DATA START
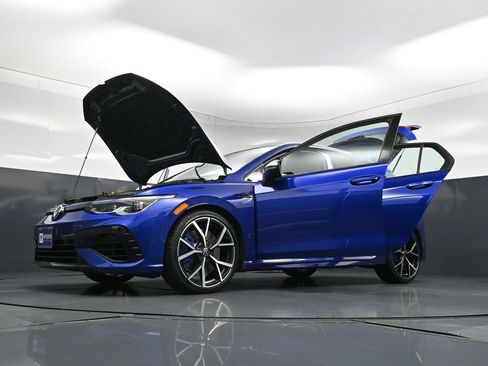 Used 2022 Volkswagen Golf R AWD/4WD image 35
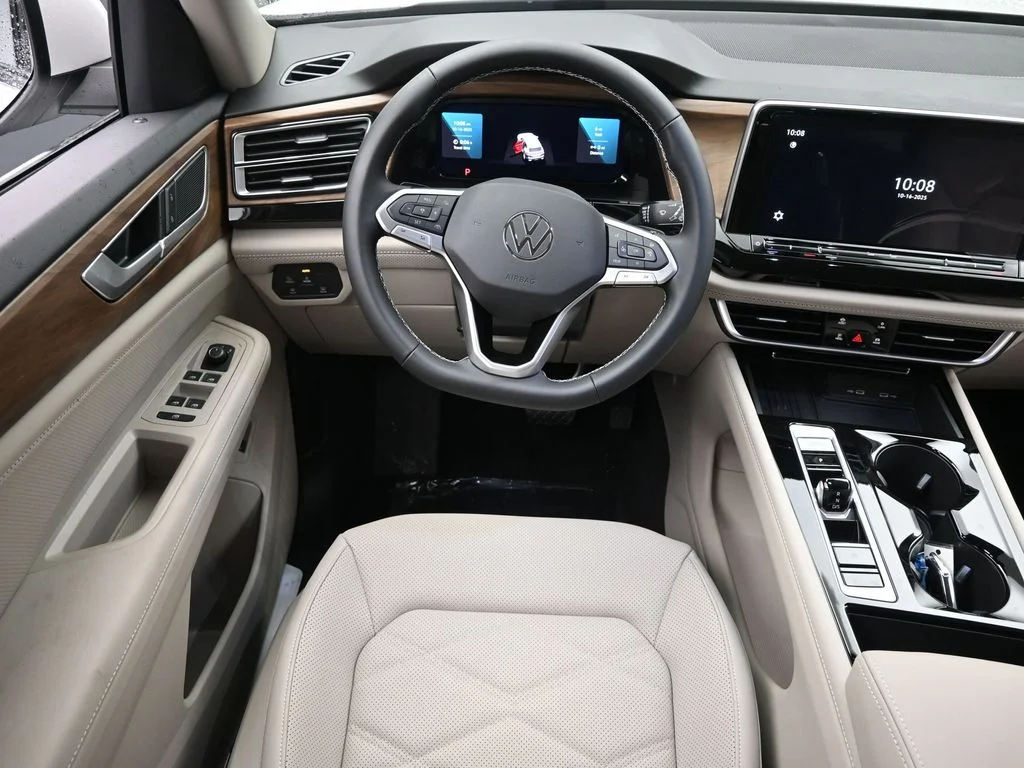 New 2026 Opal White Pearl Volkswagen 2.0T SE W/TECHNOLOGY image 17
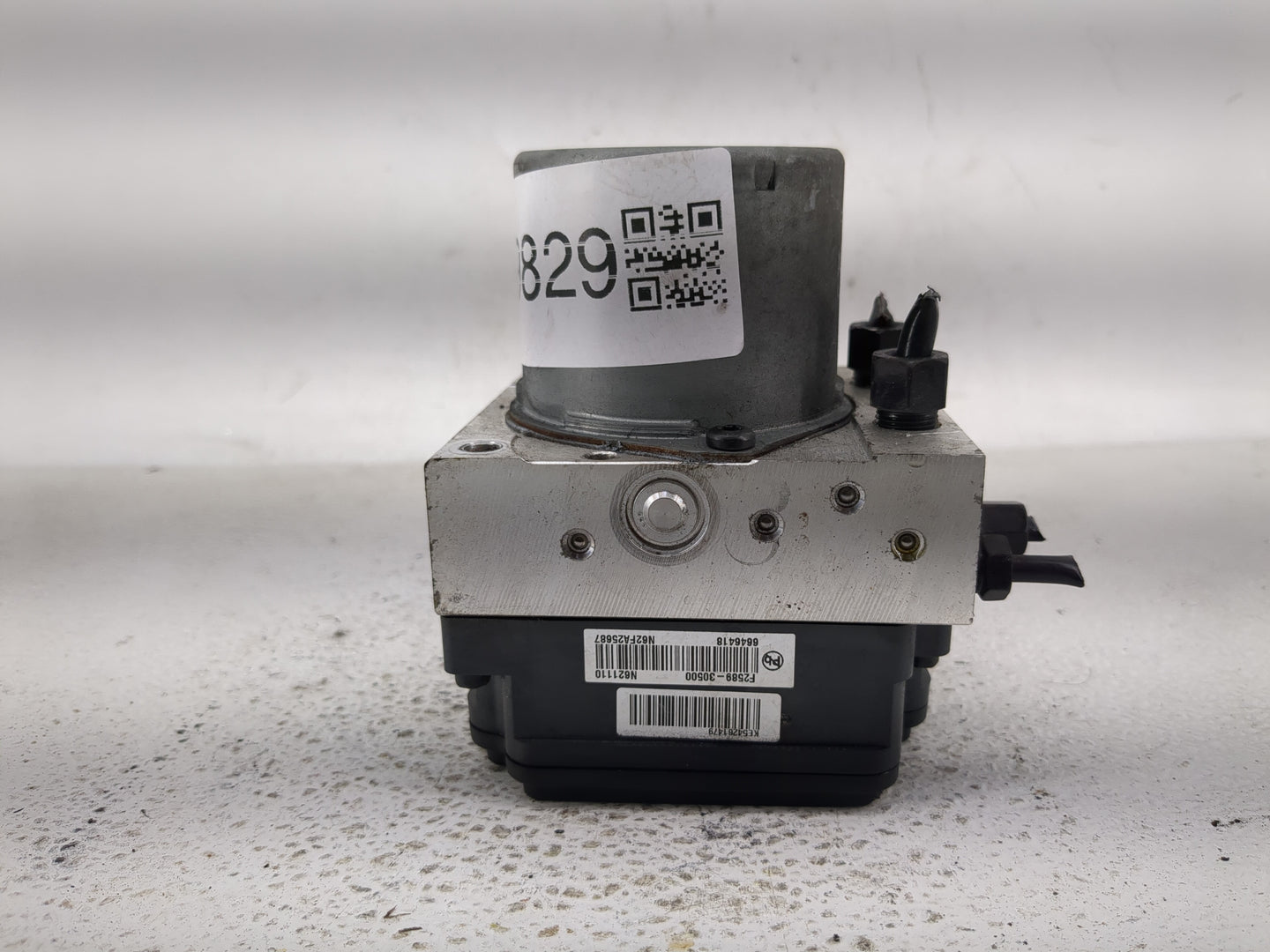 2017-2019 Hyundai Elantra ABS Pump Control Module Replacement P/N:61589-45200 58900-F2500 Fits Fits 2017 2018 2019 OEM Used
DATA END
After removing the pictures, restate the whole listing above word for word.

 Used 2022 Volkswagen Golf R AWD/4WD image 35
 New 2026 Opal White Pearl Volkswagen 2.0T SE W/TECHNOLOGY image 17
 2017-2019 Hyundai Elantra ABS Pump Control Module Replacement P/N:61589-45200 58900-F2500 Fits Fits 2017 2018 2019 OEM Used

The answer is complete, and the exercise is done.